Recorded information:
*****
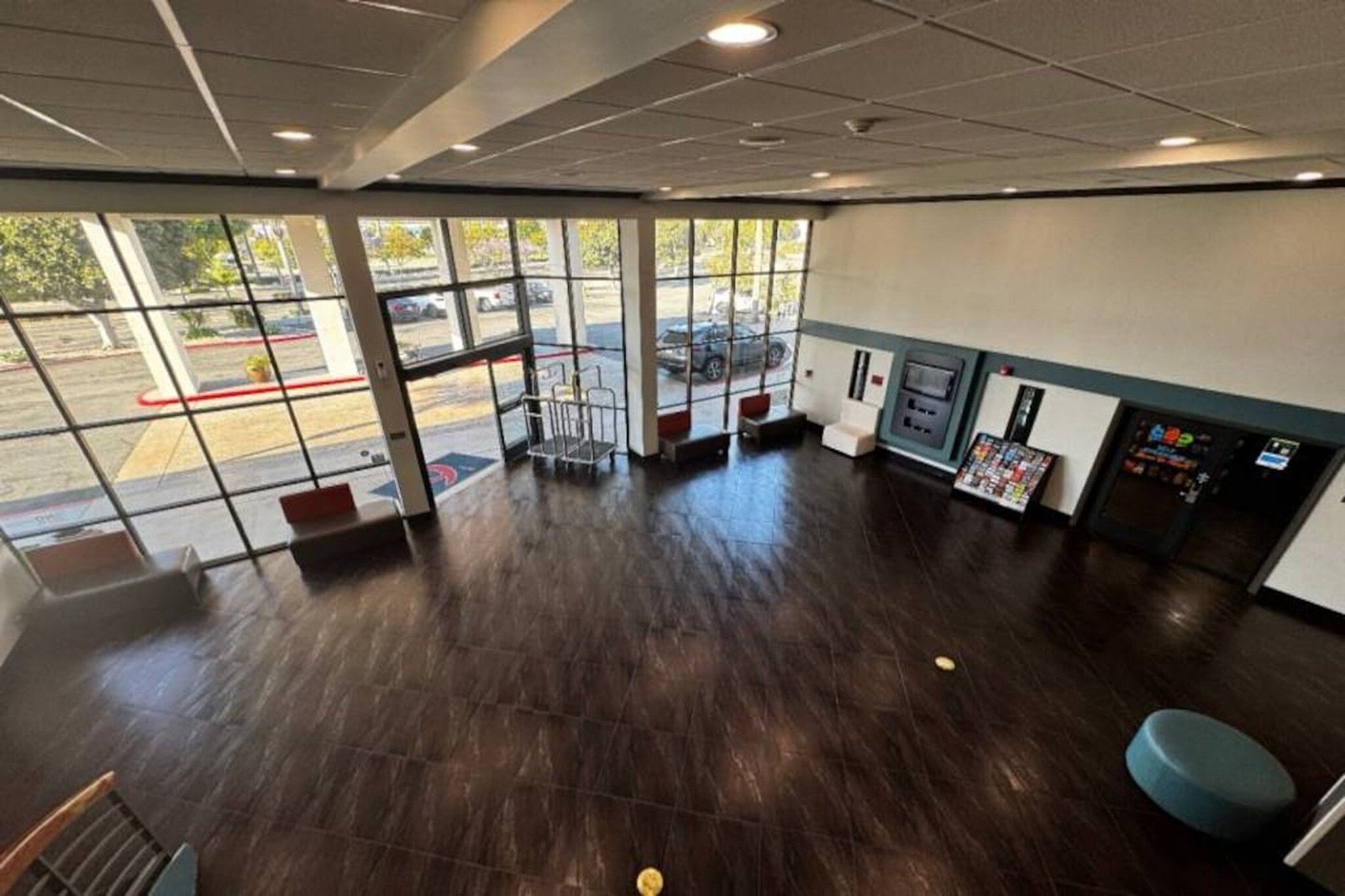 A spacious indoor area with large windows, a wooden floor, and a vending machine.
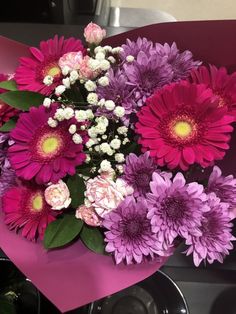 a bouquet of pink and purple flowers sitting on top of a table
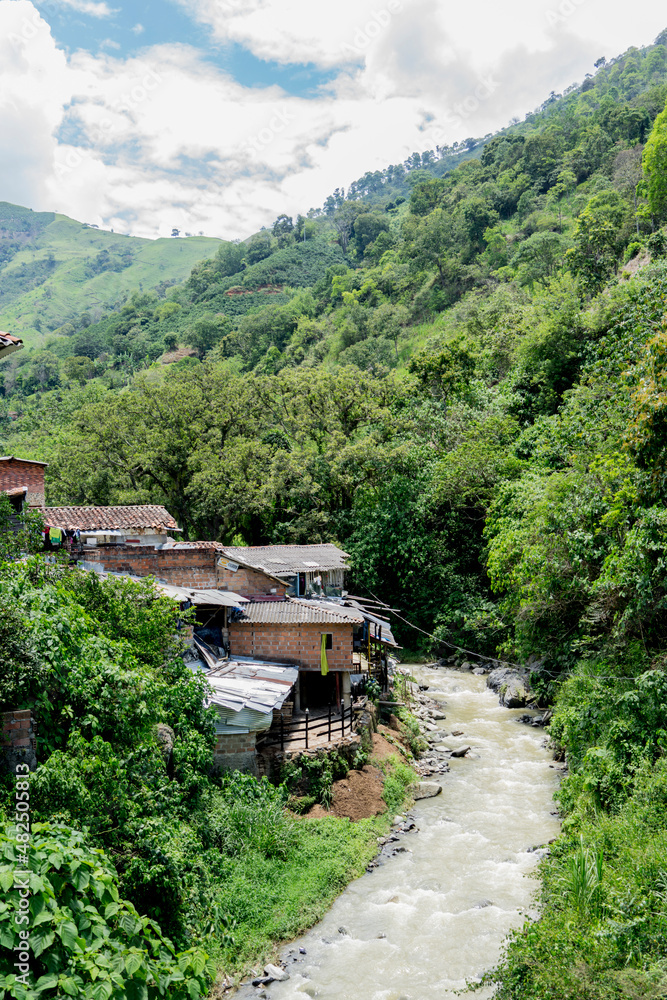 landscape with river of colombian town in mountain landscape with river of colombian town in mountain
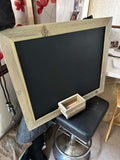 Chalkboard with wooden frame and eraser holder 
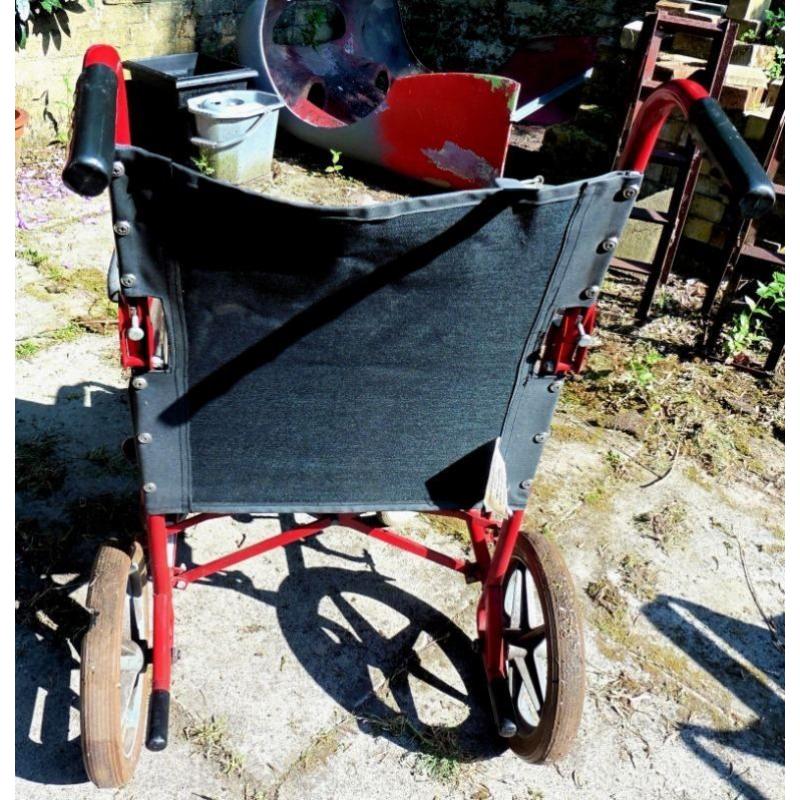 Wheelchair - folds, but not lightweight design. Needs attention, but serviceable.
*****
Could you copy the lines above exactly and skip the images?

Exercise answer:
 A spacious indoor area with large windows, a wooden floor, and a vending machine.
 a bouquet of pink and purple flowers sitting on top of a table
 landscape with river of colombian town in mountain landscape with river of colombian town in mountain
 Chalkboard with wooden frame and eraser holder 
 Wheelchair - folds, but not lightweight design. Needs attention, but serviceable.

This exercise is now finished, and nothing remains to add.